Voir dans un même hashtag les mots "Libé" et racisme a de quoi surprendre. Pourtant, depuis ce matin, #LibéRacisme envahit Twitter, au point de se hisser parmi les trending topics du site de micro-blogging. Et de diviser la rédaction du quotidien.
En cause, une chronique de Luc le Vaillant publiée dans les pages Idées du journal et intitulée "La femme voilée du métro". Dans ce texte, le journaliste imagine un trajet en métro face à une femme vêtue d'une abaya et décrit les peurs et les fantasmes qu'elle cristallise. "Cette autre soutane monothéiste lui fait la cuisse évasive, la fesse envasée, les seins restreints. Les cheveux sont distraits à la concupiscence des abominables pervers de l'Occident décadent. Ceux-ci ne rêvant, paraît-il, que de dénuder ce corps réservé à un seigneur et maître, réel ou spirituel, qui tient ses pouvoirs d'accaparement du Dieu unique à la féroce jalousie", imagine-t-il.
"Elle se tient droite et les regards oublient vite sa silhouette pour se concentrer sur la gibecière portée en bandoulière. Personne ne s'attend à en voir sortir un lapin blanc pris au collet. Tout le monde s'inquiéterait plutôt que le sac soit farci de TNT. (...) Tant qu'elle ne rafale pas les terrasses à la kalach, elle peut penser ce qu'elle veut, croire aux bobards qui la réjouissent et s'habiller à sa guise mais j'aimerais juste qu'elle évite de me prendre pour une buse. Arborer ces emblèmes sinistres revient à balancer un bloc d'abîme fondamentaliste sur l'égalité homme-femme, sur les libertés publiques et sur l'émancipation de l'individu. Ce qui est son droit le plus strict, même si je le juge inique", poursuit-il.
Très vite, les réseaux sociaux ont critiqué cette chronique, qualifiée à la fois de sexiste et raciste.
Au sein-même du journal, la chronique est mal passée.

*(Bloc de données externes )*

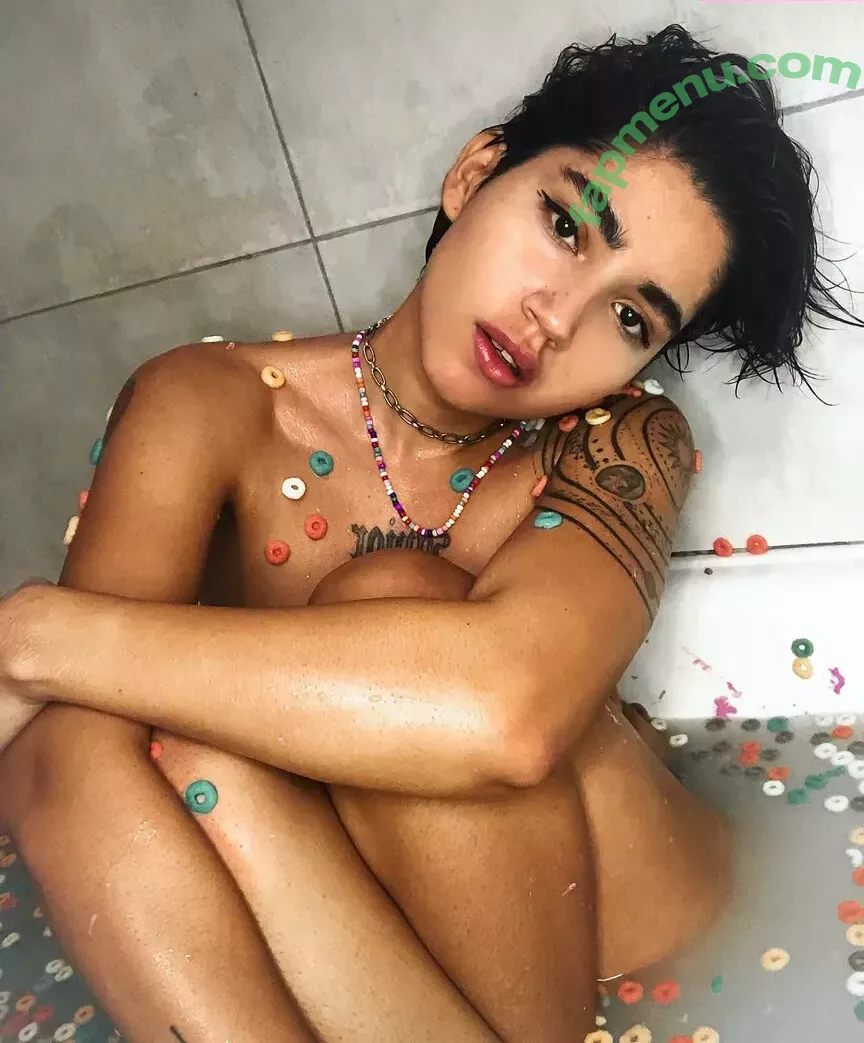 ddebireinoso nude photo #0003 ( / CICUTA / debireinoso)
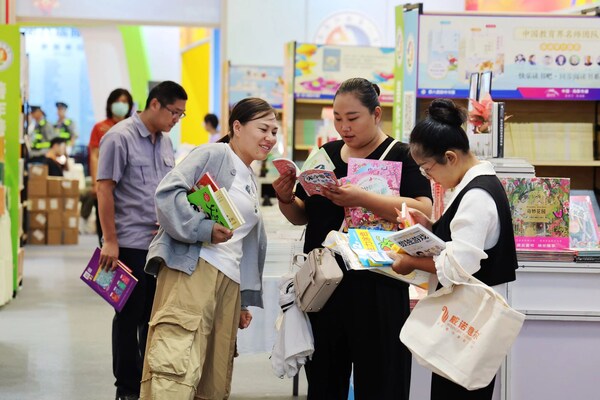 Photo shows that the public participated in the 8th Tengzhou Book Fair opened on September 29 in Tengzhou City of east China's Shandong Province. (Photo provided by Tengzhou)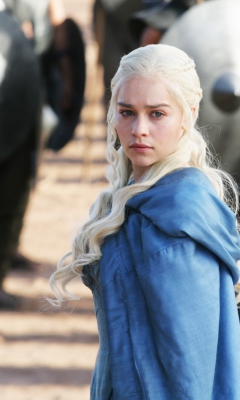 Обои Emilia Clarke In Game Of Thrones 240x400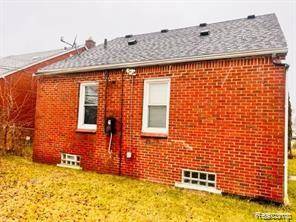 Eastpointe, MI 48021,15162 SPRENGER Avenue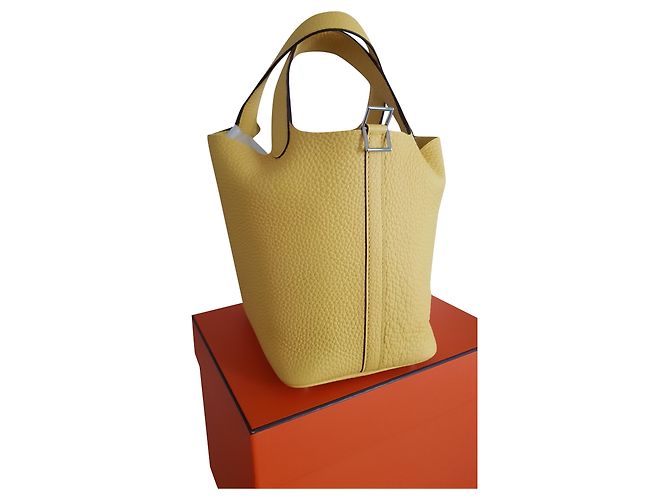 Hermès Picotin Lock 18 Amarelo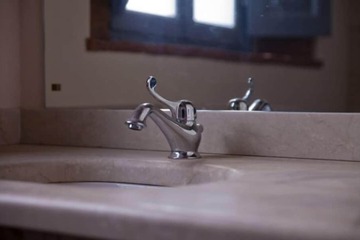 Bathroom sink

Devant l'ampleur qu'a pris le scandale, Laurent Joffrin, le directeur de la rédaction, a publié en milieu de journée un texte sur le site du journal pour expliquer que "les chroniques, comme leur nom l'indique, sont par nature diverses et subjectives. Elles n'engagent pas le journal au même degré qu'un éditorial ou un article d'information. Luc a mis en scène des fantasmes et des inquiétudes qui courent dans la société."
Il a néanmoins ressenti le besoin de s'excuser. "Sans doute aurait-il dû souligner avec plus de précaution qu'il s'agissait non d'une opinion construite mais de la restitution littéraire et ironique de préjugés et d'angoisses qu'il se reproche lui-même, comme il l'écrit, d'avoir ressentis. Si des lecteurs ont été blessés par ce texte, nous en sommes désolés. Toutes nos prises de position, toute notre histoire, tout notre travail montre que Libération s'attache en permanence à lutter contre les discriminations, de quelque nature qu'elles soient."
Selon "Les Inrocks", qui cite un journaliste du quotidien, la conférence de rédaction du matin a été "hyper tendue". "La grande majorité des journalistes sont scandalisés. On a l'impression de faire 50 pas en arrière avec un texte comme ça, surtout après avoir fait des doubles et des doubles pages sur l'islamophobie, encore pas plus tard que la semaine dernière", a ajouté le journaliste cité.
Quelques minutes après Laurent Joffrin, la Société des journalistes et du personnel du quotidien a réagi en publiant un communiqué. "Au sein de l'équipe, de très nombreux journalistes ont également fait part ce mardi de leur désapprobation sur un contenu qui ne reflète pas, à leurs yeux, les valeurs du journal et leurs convictions personnelles. La Société des journalistes et du personnel de Libération (SJPL) rappelle qu'il s'agit d'une chronique qui, de par ce statut, engage l'opinion de son auteur et non celles d'autres journalistes", peut-on y lire.